Ah sevgili kardeşim, ben seni anlamaz mıyım?
Gözümüzü açtığımız günden itibaren, gerçek dünyada her gün yalanlanan bilgilerle donanmadık mı? Hani; insanlığın büyük göçle Orta Asyadan dünyaya yayıldığı, Kızılderililerin bile Türk olduğu, Almanya savaşı kaybettiği için Osmanlının hükmen yenik sayıldığı, Kürt diye bir halkın olmadığı, Ermenilerin toplu şekilde intihar ettiği.
Ah sevgili kardeşim, ben seni anlamaz mıyım?
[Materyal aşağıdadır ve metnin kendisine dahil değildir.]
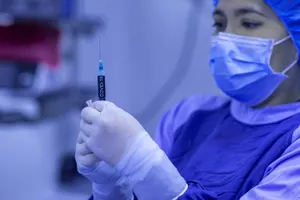 Вакцина от трех новых видов «омикрона» создана в России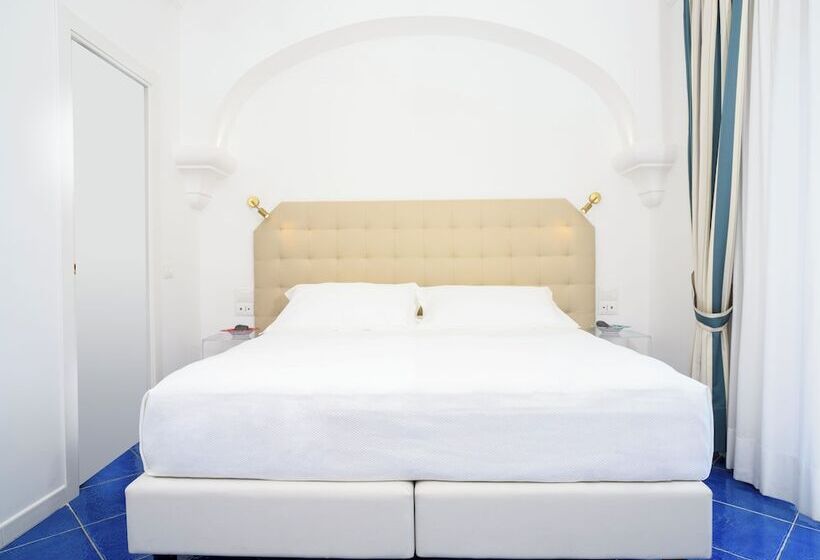 Quarto Estandar, La Casa Di Paolo Casa Di Charme
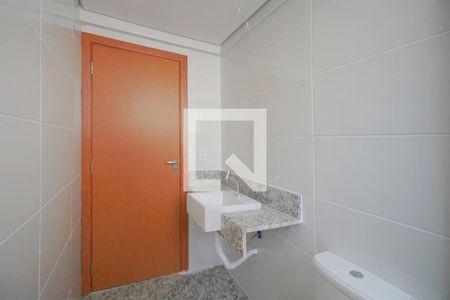 Apartamento à venda com 84m², 2 quartos e 2 vagasBanheiro da Suíte 1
Yurtseverlerimiz aynı zindanlarda işkence görmedi mi? Yaşımız büyütülüp on yedisinde asılmadık mı? Özgürlük, emek, sol ve daha bir yığın kavram sakıncalı diye belletilmedi mi bize? Korkudan kitaplarımızı yakmadık mı? Şairlerimiz, yazarlarımız, sanatçılarımız cezaevlerinde, sürgünlerde ölmedi mi? Dostlarımıza düşman, düşmanlarımıza dost edilmedik mi? Köylüyü cahil, dindarı yobaz, Kürtü hain, Ermeniyi piç, Yunanı kahpe, Almanı orospu, Museviyi tefeci diye öğretmediler mi?
Ah sevgili kardeşim, ben seni anlamaz mıyım?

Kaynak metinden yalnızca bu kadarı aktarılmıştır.